Architect Renzo Piano is seen at left showing Prime Minister Costas Karamanlis and Niarchos Foundation board members Philip and Spyros Niarchos and Andreas Dracopoulos, the outline of his plan for the Stavros Niarchos Foundation Cultural Center.

By Dimitris Rigopoulos - Kathimerini

Very seldom do we see architects visiting the prime minister’s office at Maximos Mansion. But Renzo Piano is not just any architect, and his visit to the premier on Friday, July 18, was a reminder that in this year’s climate of political discontent there are people who still do their job well.

And so, it appears that the Stavros Niarchos Foundation’s funding for a cultural center at the Faliron Delta on Athens’s Saronic coastline seems to be making progress and is proceeding without serious obstacles. (Let’s keep our fingers crossed.)

With Piano at Prime Minister Costas Karamanlis’s office were Niarchos Foundation board members Philip and Spyros Niarchos and Andreas Dracopoulos. Piano did not present his plans for the new opera house and new national library, as these will be ready shortly before the end of the year.

He did provide details, though, on what he plans to do. He spoke of the Attic light, of the complex’s strategic position near the sea and the environmental aspect of the huge project which will cost 300 million euros, the entire amount being provided by the Niarchos Foundation.

Blueprint

Piano presented a plan showing where the buildings will be located at the Faliron Delta site. The buildings will be on the southern side, next to a large pond that will run along the length of the existing esplanade. Kallithea Municipality’s park and sports facilities will be located on the western side of the property, toward the suburb of Tzitzifies.

Piano also presented the “ideological” outline of what he is preparing for Athens with his close associate Giorgio Bianchi.

“The new opera house will be a jewel. It will not be big. It does not need to be big but it must be very good. We will be able to have joint productions with other operas, such as those of Zurich and Boston,” Piano said. “I have often worked on ideas for operas around the world. On acoustics, we work with the best in the world. In our time, it is a most demanding task to create an opera. You can’t do it on your own. You have to pool your resources with other opera houses. This one will be like a machine. I use this word because the stage will be a machine. A work might be set in space, you have to be able to create special effects. This opera will be a jewel. It won’t be anything outlandish.”

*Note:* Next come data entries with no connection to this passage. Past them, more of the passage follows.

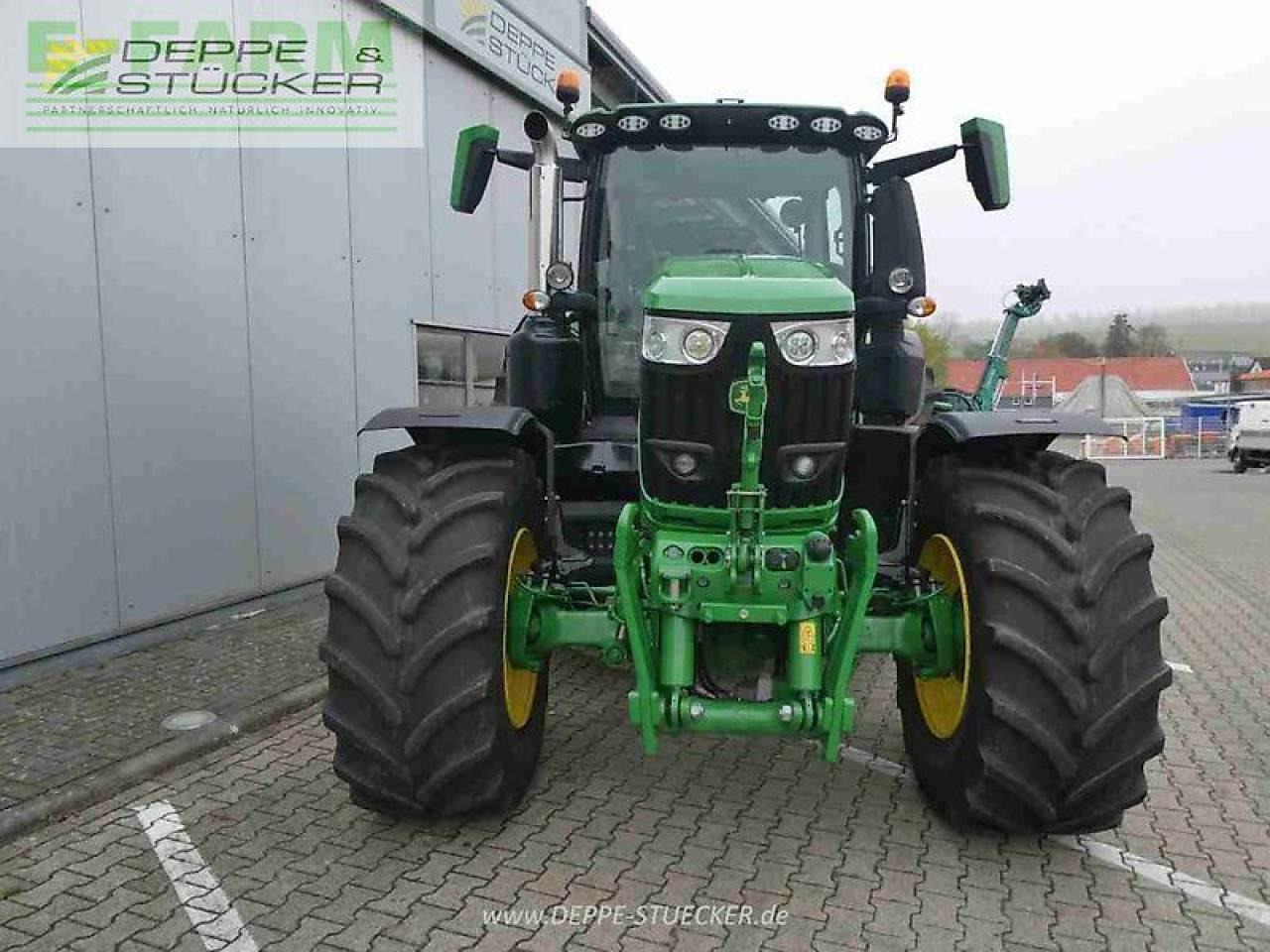 Traktori John Deere 6r 250: kuva Traktori John Deere 6r 250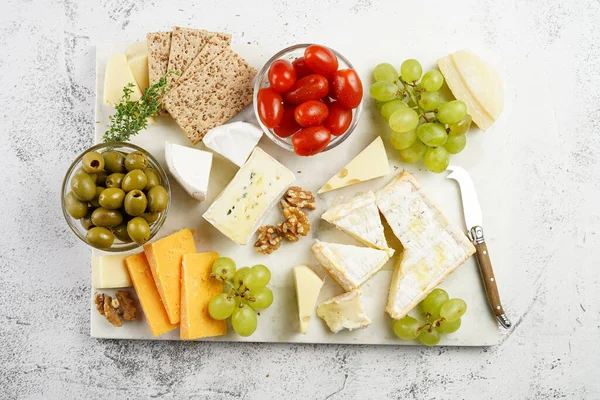 Cheese Platter Organic Cheeses Blue Cheese Cheddar Emmantaler French Soft — Stock Photo, Image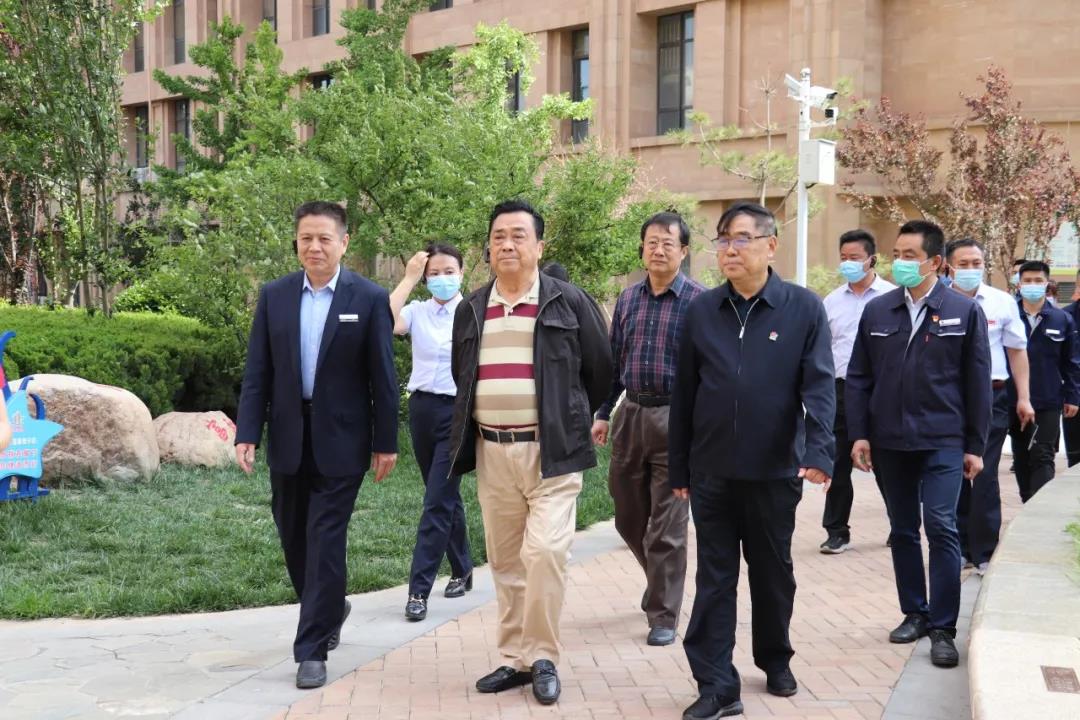 山东黑马集团领导一行到长江物业参观交流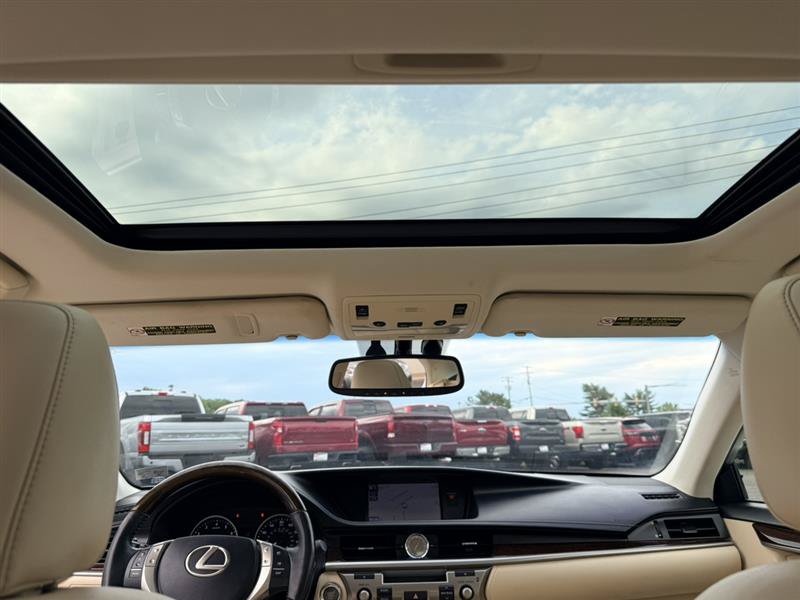 Used 2013 Lexus ES 350 w/ Luxury Pkg FWD image 21
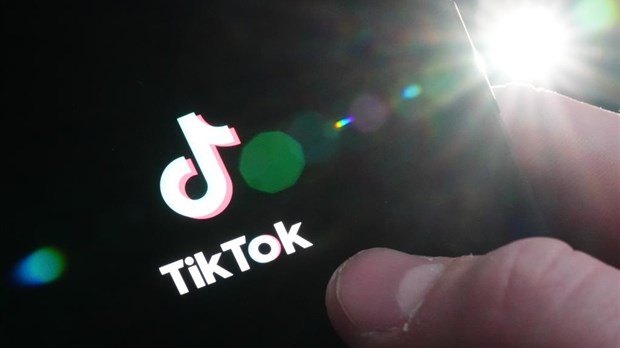 Québec interdit à son tour TikTok sur les appareils mobiles du gouvernement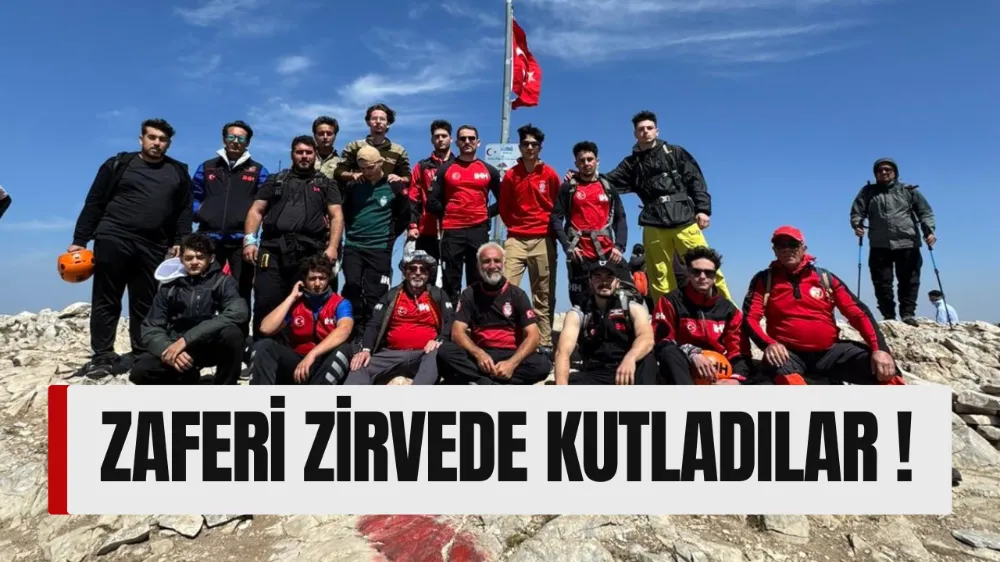 Zaferi zirvede kutladılar !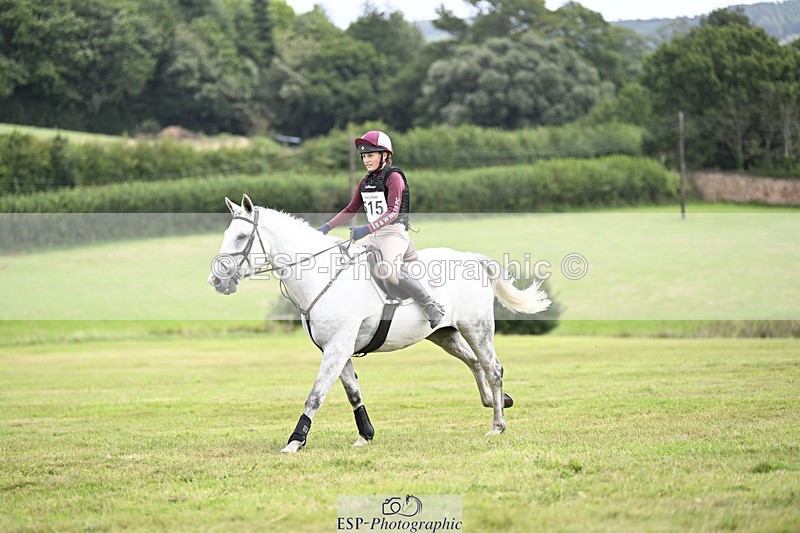 240825X-114944-32620 - 70cm XC 11.00 to 12.00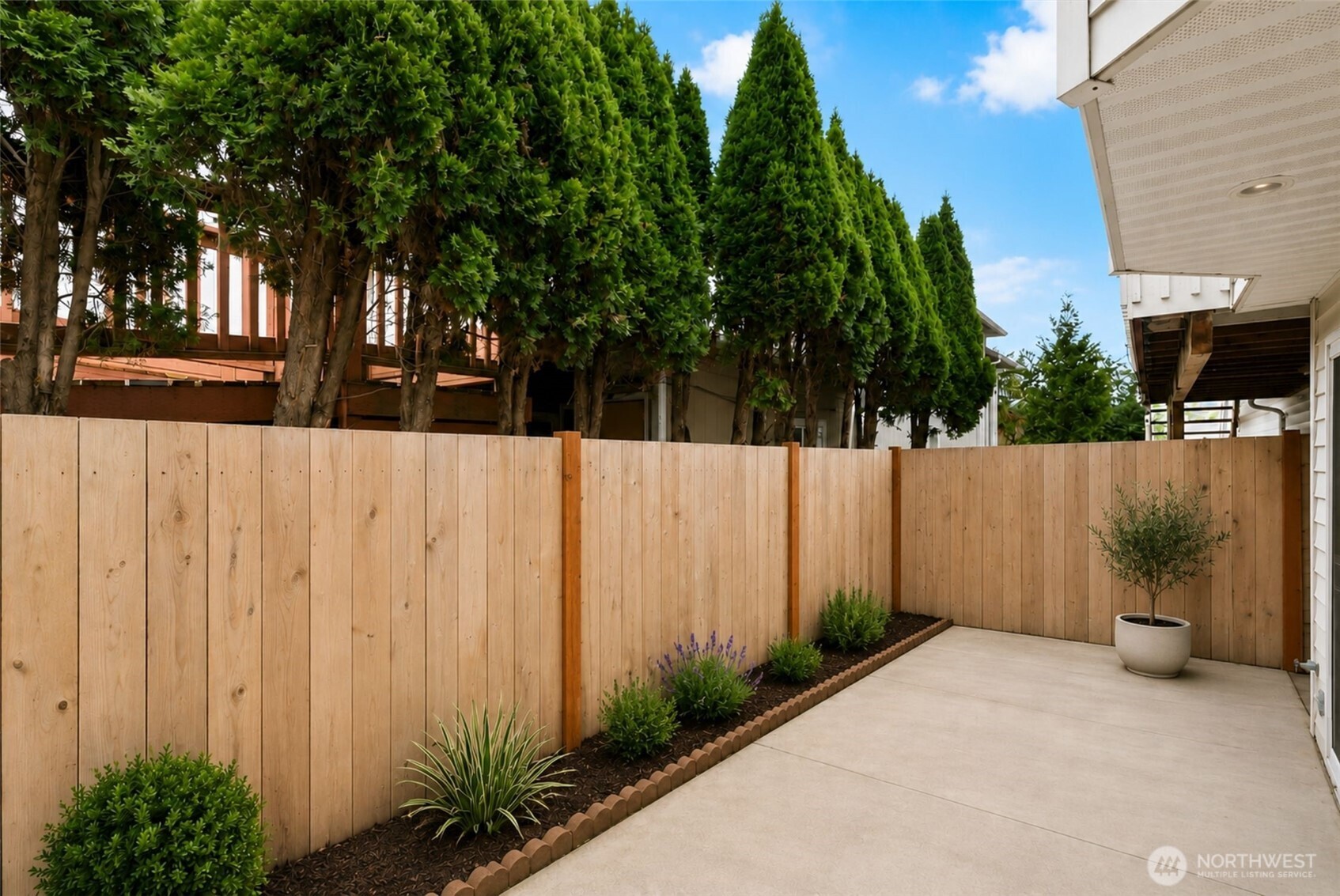 933 4th Avenue N Unit: 102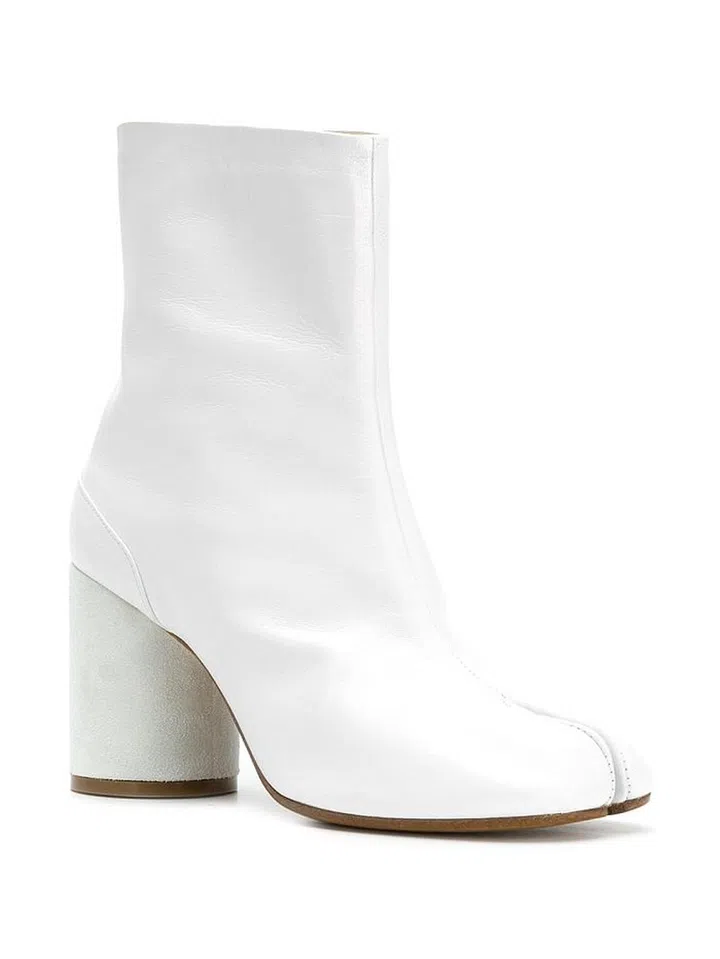 Photo: Farfetch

And the new library? “It will be a next-generation library. A new library for today that will be able to exchange information with the rest of the world. We will connect this library with the biggest and most famous ones in the world: from Harvard to Cambridge to Columbia universities. It will be a library with a modern concept. It will offer books but also give visitors the opportunity to print its books. The library will be a meeting point. It will work as a dynamo for education,” Piano said.

In terms of construction, work has not begun and is unlikely to do so before 2010. A few weeks ago, the last part of the club house of the old Athens horse-racing track was demolished. So far, the deadlines are being adhered to, and we have grounds to hope that this great project will be completed on time, in 2015.